Exercise aim:
Starting at the first line of the data, please print exactly those lines through the one that holds "Coverado complete seat", omitting every picture.

Data shown:
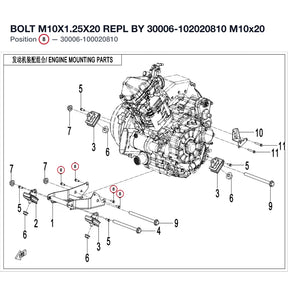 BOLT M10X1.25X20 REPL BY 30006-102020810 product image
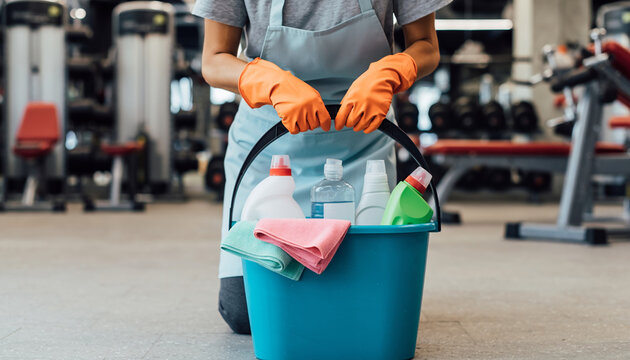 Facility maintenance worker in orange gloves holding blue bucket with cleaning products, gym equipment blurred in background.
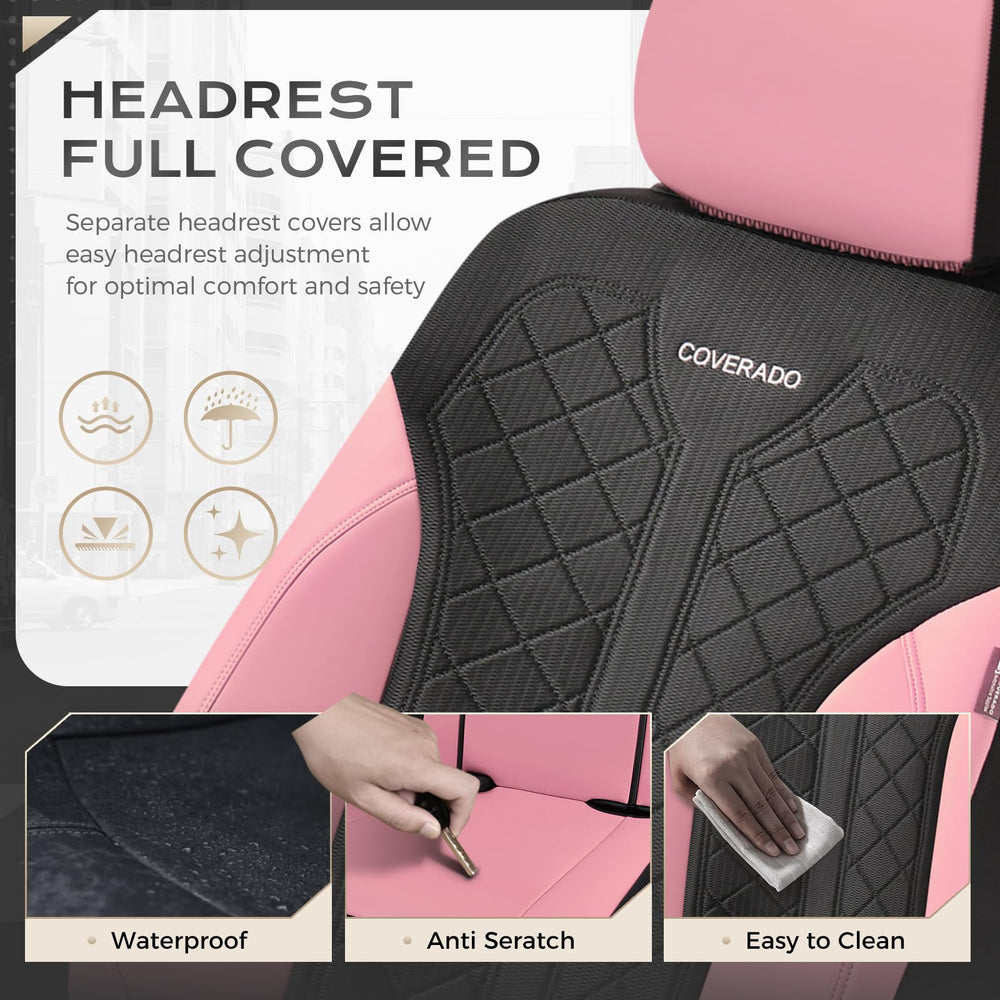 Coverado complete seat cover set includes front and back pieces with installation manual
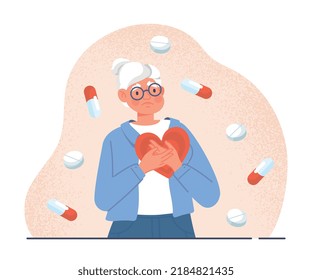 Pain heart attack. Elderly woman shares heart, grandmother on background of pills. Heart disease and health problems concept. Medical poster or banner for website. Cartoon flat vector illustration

Answer for the task:
 BOLT M10X1.25X20 REPL BY 30006-102020810 product image
 Facility maintenance worker in orange gloves holding blue bucket with cleaning products, gym equipment blurred in background.
 Coverado complete seat cover set includes front and back pieces with installation manual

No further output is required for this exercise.